*** Opening The input ***

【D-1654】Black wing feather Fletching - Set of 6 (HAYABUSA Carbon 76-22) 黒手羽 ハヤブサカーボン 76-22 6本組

*** Closing The input ***
*** Opening The input ***

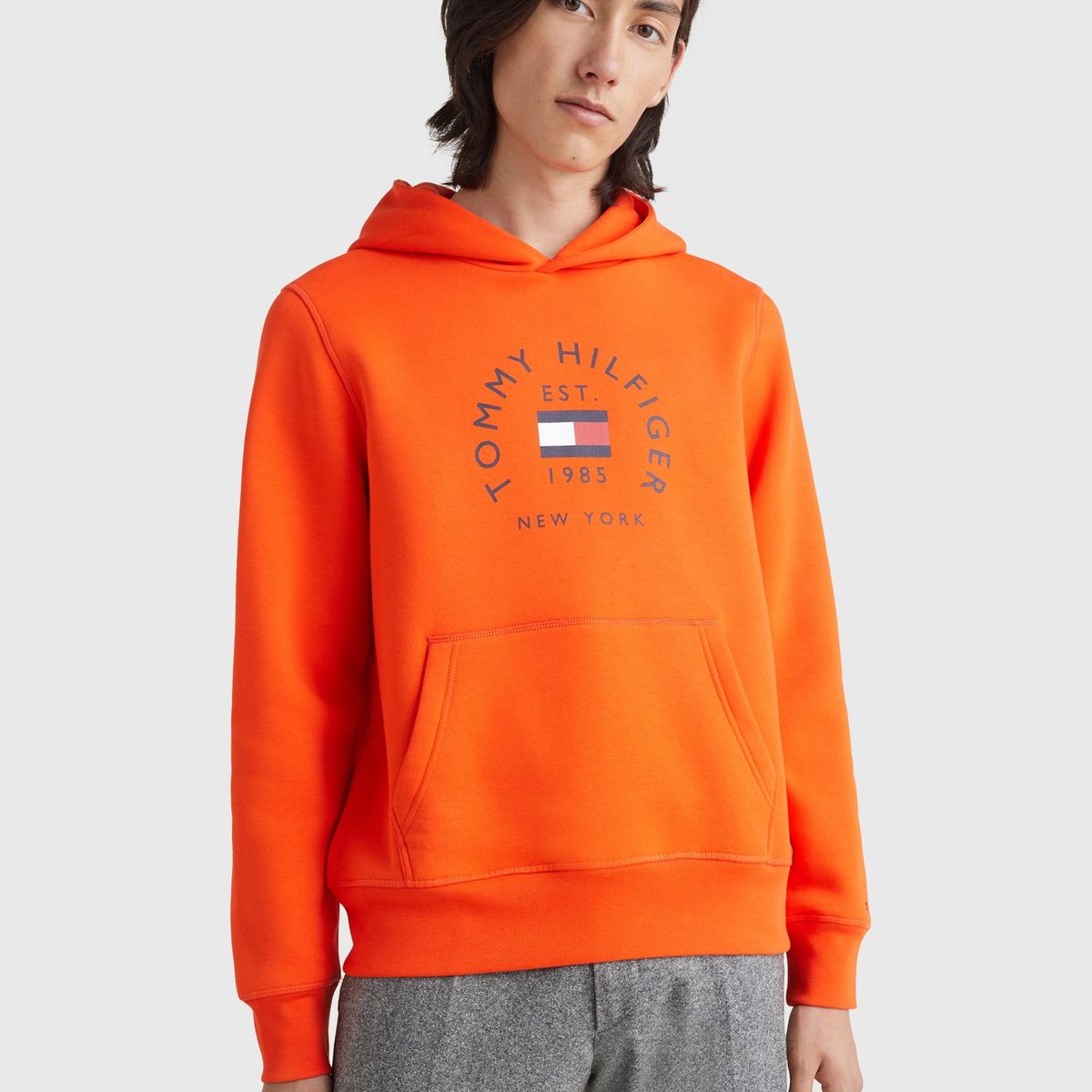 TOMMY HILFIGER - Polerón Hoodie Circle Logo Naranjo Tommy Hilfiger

*** Closing The input ***
*** Opening The input ***

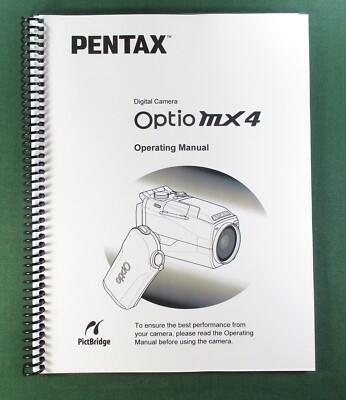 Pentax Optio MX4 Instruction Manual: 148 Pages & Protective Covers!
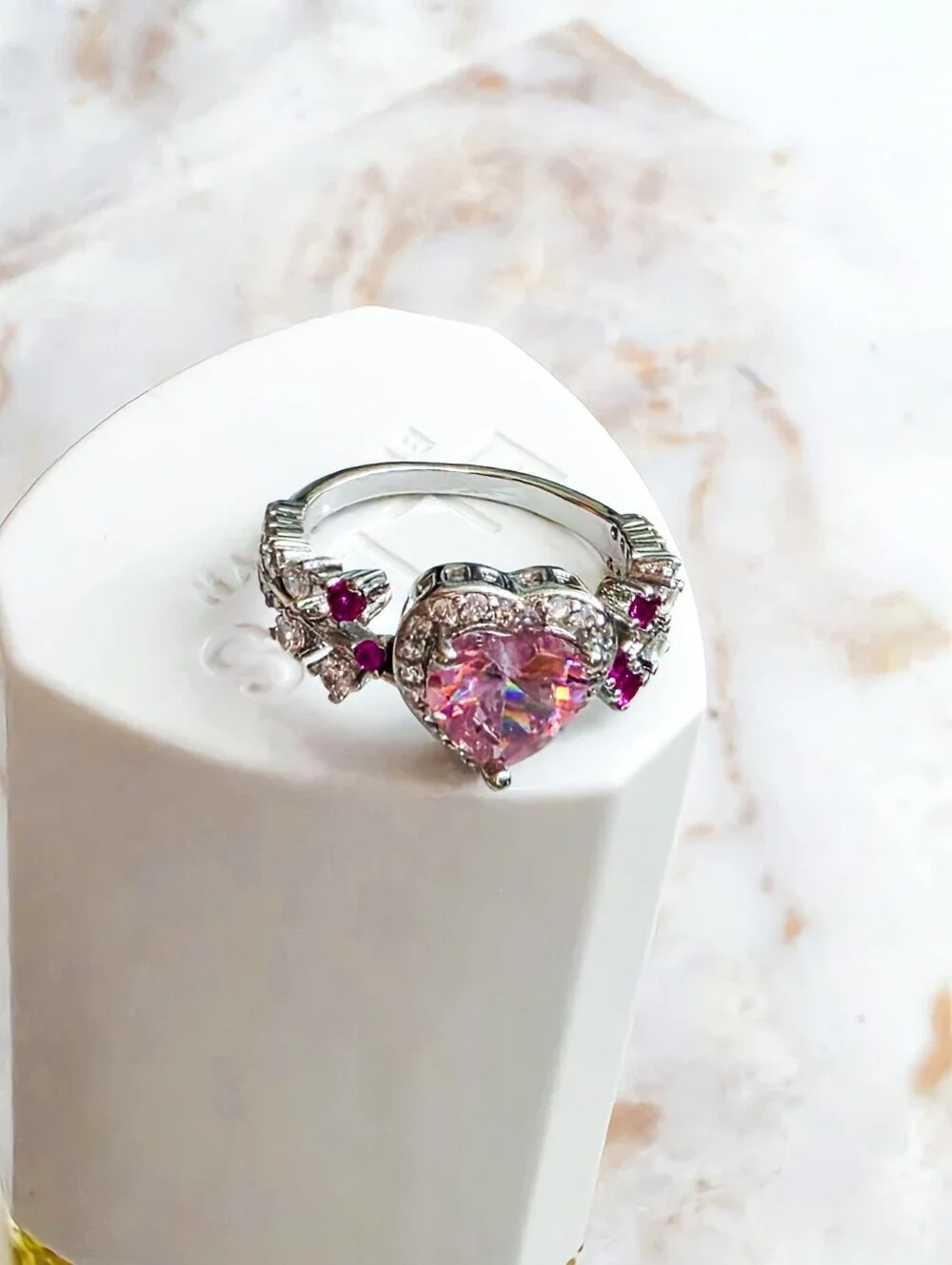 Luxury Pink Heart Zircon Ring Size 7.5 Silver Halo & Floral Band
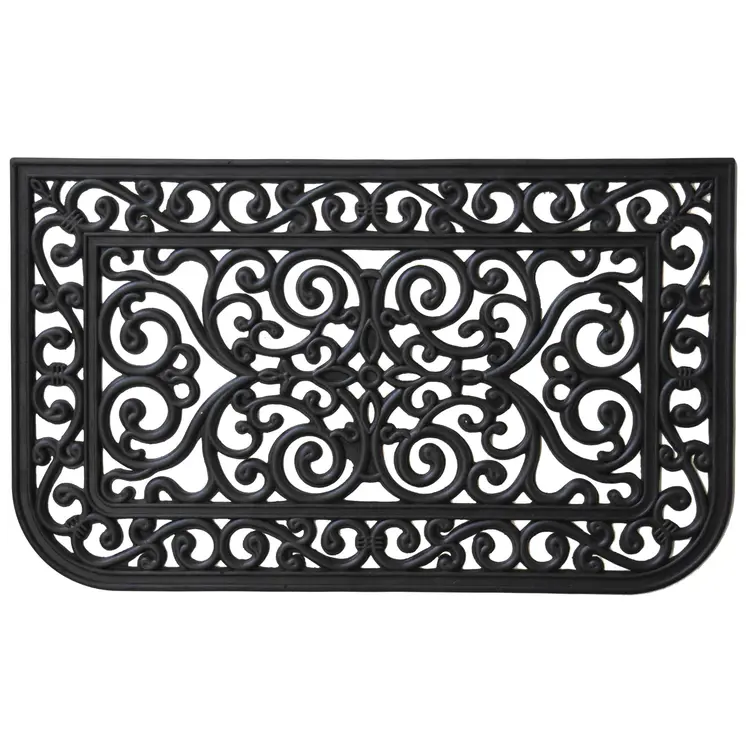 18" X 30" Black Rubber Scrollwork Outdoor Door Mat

*** Closing The input ***

- _What is required_:
Output only the stretch above from the line with "Luxury Pink Heart" through the line with "Outdoor Door Mat", reproduced exactly. Exclude pictures.

- _Answer box_:
 Luxury Pink Heart Zircon Ring Size 7.5 Silver Halo & Floral Band
 18" X 30" Black Rubber Scrollwork Outdoor Door Mat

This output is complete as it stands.